▶ PROBLEM DETAILS: Images do not belong in the copy. Set down all the entries exactly.

▶ RECORD SET:
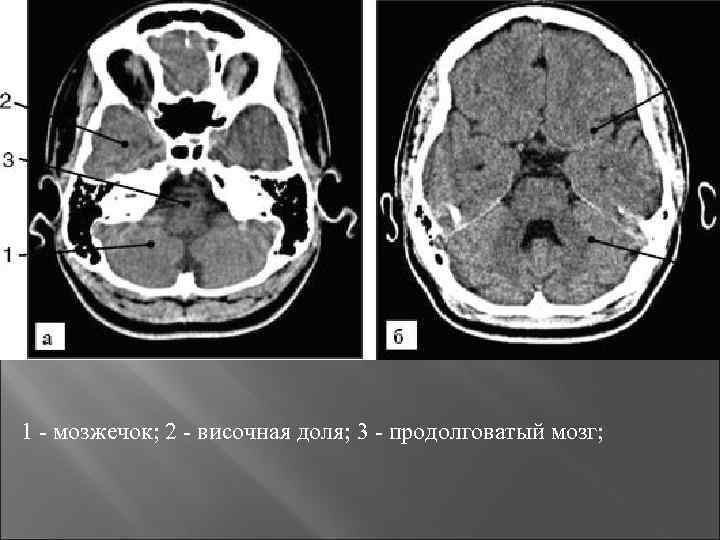 1 - мозжечок; 2 - височная доля; 3 - продолговатый мозг; 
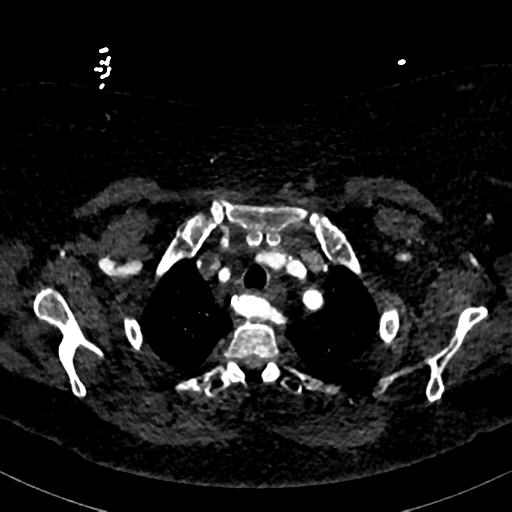 Aberrant right subclavian artery with Kommerell diverticulum (Radiopaedia 47982-52769 Axial C+ arterial phase 17).png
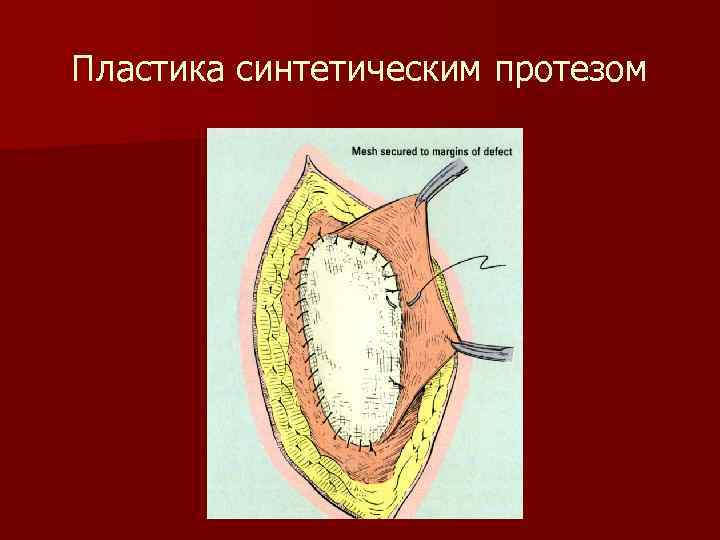 Пластика синтетическим протезом 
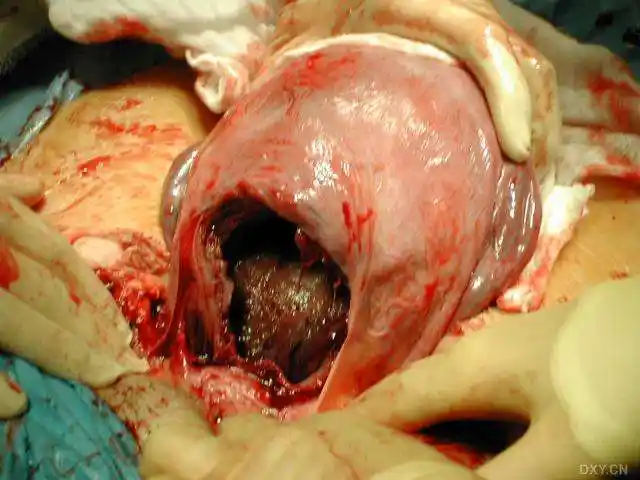 剖宫产真实图片 - 好大夫在线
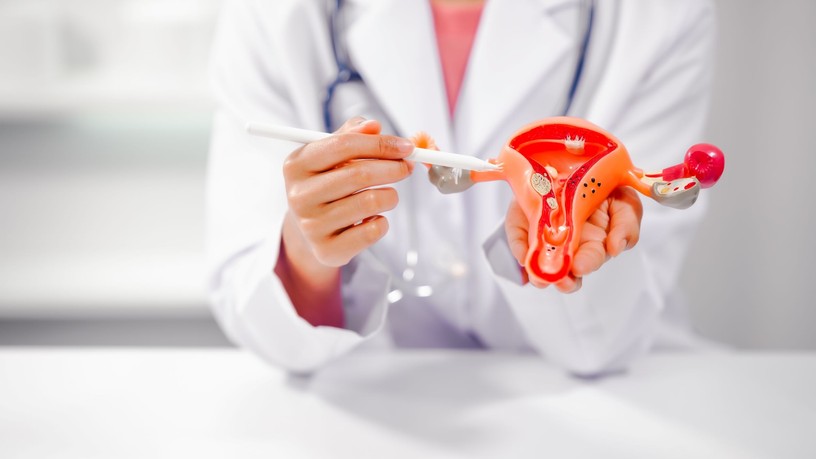 PCOS, tünetei, kezelése, autiumus, várandóság, meddósség
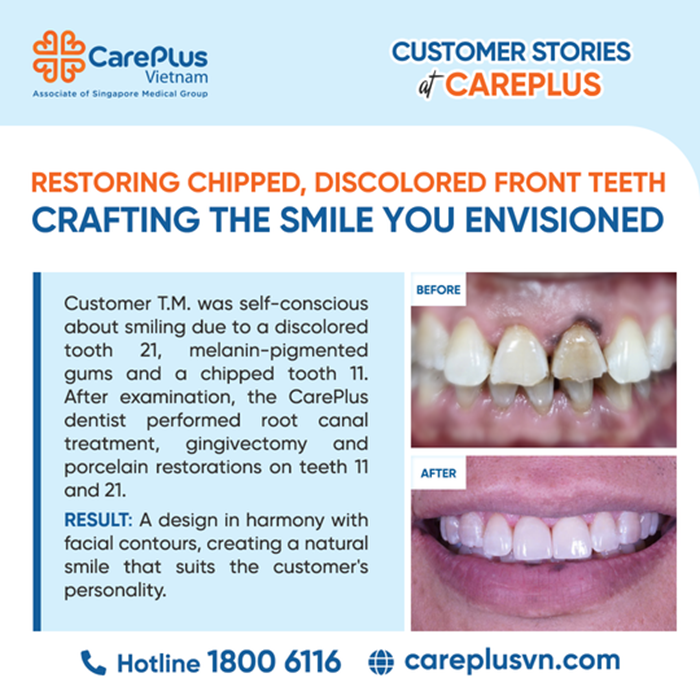 RESTORING CHIPPED, DISCOLORED FRONT TEETH - CRAFTING THE SMILE YOU ENVISIONED  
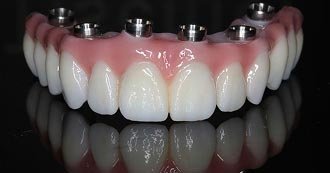 Teeth Whitening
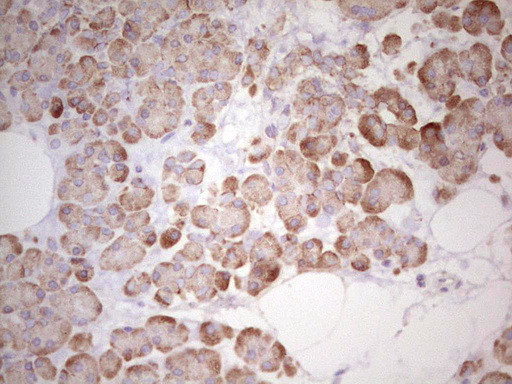 WIBG Antibody in Immunohistochemistry (Paraffin) (IHC (P))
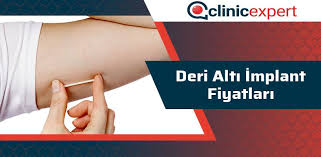 Deri Alti Implant Fiyatlari 2020 Clinicexpert Uluslararasi Saglik Hizmetleri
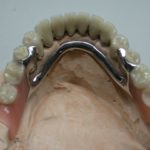 Условно съемное протезирование зубов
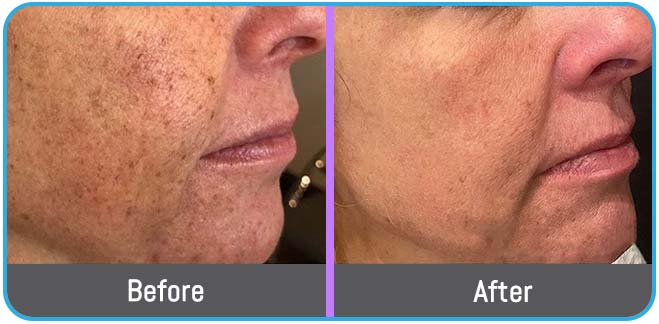 Age Spots Brown or Red Spots (Lumecca Treatment) in Crown Point IN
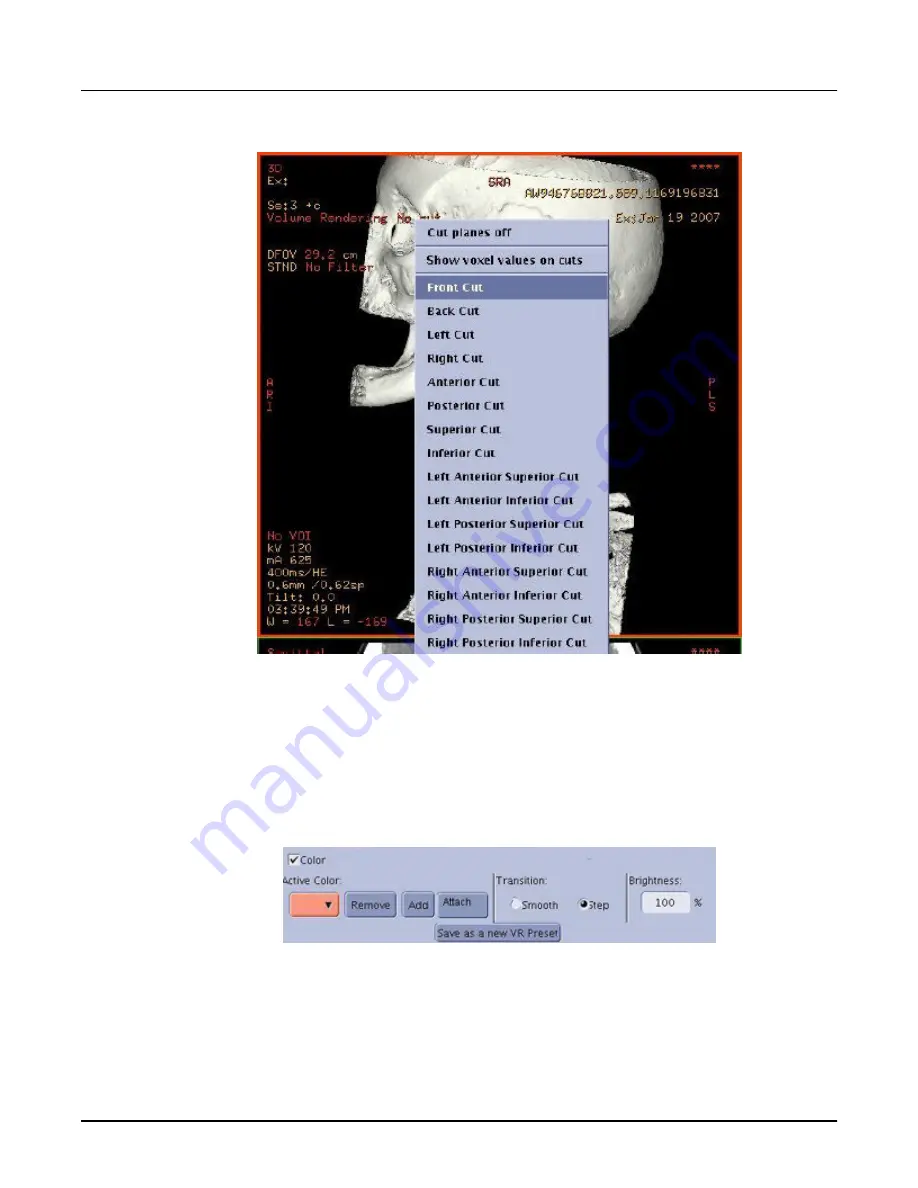 GE Revolution CT User Manual Download Page 477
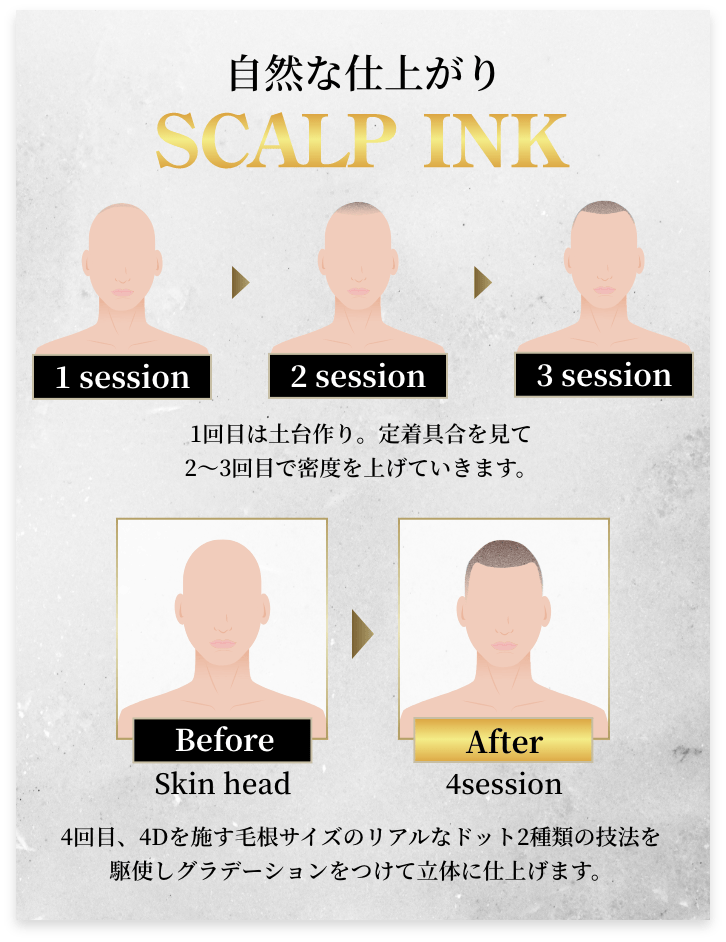 ビフォアアフター4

▶ WORKED SOLUTION:
 1 - мозжечок; 2 - височная доля; 3 - продолговатый мозг; 
 Aberrant right subclavian artery with Kommerell diverticulum (Radiopaedia 47982-52769 Axial C+ arterial phase 17).png
 Пластика синтетическим протезом 
 剖宫产真实图片 - 好大夫在线
 PCOS, tünetei, kezelése, autiumus, várandóság, meddósség
 RESTORING CHIPPED, DISCOLORED FRONT TEETH - CRAFTING THE SMILE YOU ENVISIONED  
 Teeth Whitening
 WIBG Antibody in Immunohistochemistry (Paraffin) (IHC (P))
 Deri Alti Implant Fiyatlari 2020 Clinicexpert Uluslararasi Saglik Hizmetleri
 Условно съемное протезирование зубов
 Age Spots Brown or Red Spots (Lumecca Treatment) in Crown Point IN
 GE Revolution CT User Manual Download Page 477
 ビフォアアフター4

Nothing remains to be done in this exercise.